L’intelligenza artificiale e i dati sono alleati preziosi, ma la sensibilità umana resta decisiva. L’algoritmo valuta elementi oggettivi; l’occhio esperto, invece, sa cogliere “indizi” che non emergono nei dati: atteggiamenti, carattere, compatibilità con l’ambiente. L’ideale è integrare tecnologia e intuizione per ridurre errori e fare scelte più consapevoli.
- Lei è nato a Spoleto: qual è oggi il suo legame con la città e con l’Umbria?

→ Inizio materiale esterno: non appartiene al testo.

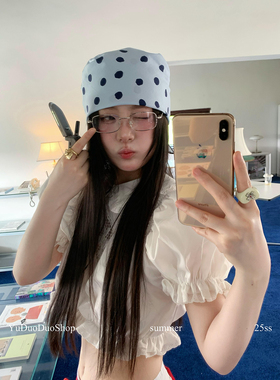 日系文艺复古纯棉小领巾女春夏装饰发带头巾法式百搭多功能丝巾潮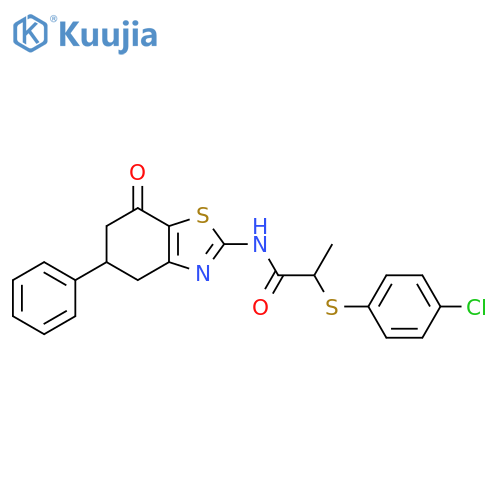 2-(4-Chlorophenylthio)-N-(7-oxo-5-phenyl(4,5,6-trihydrobenzothiazol-2-yl))propanamide structure
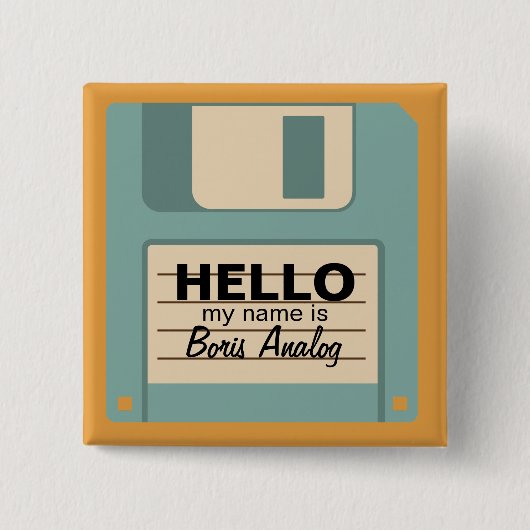 Floppy Diskette Personalized Name Badge (Devant)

È sempre molto forte. Sono nato e cresciuto a Spoleto, dove vivono ancora i miei genitori. Purtroppo torno meno di quanto vorrei: il calendario di una squadra calcistica è molto intenso e i viaggi sono continui, quindi non è semplice trovare il tempo. Ma porto con me tanti valori umbri – equilibrio, concretezza, senso di comunità – che ritrovo ogni giorno nel mio modo di essere e di lavorare.
- Segue il calcio umbro?
Per quanto posso, sì. Ho un legame affettivo con la Ternana: ricordo bene gli anni in Serie B, quando andavo allo stadio con mio padre. Oggi però vedo una situazione complicata, a Terni come a Perugia: due piazze importanti, ma con stadi vuoti e dirigenze poco radicate nel territorio. È un peccato, perché con progetti seri avrebbero potuto consolidarsi in Serie B e crescere nel tempo. Penso all’Atalanta: la ricordo al Liberati in Serie B, oggi gioca in Europa e vince trofei. Ecco, un percorso che dimostra quanto visione e continuità possano fare la differenza.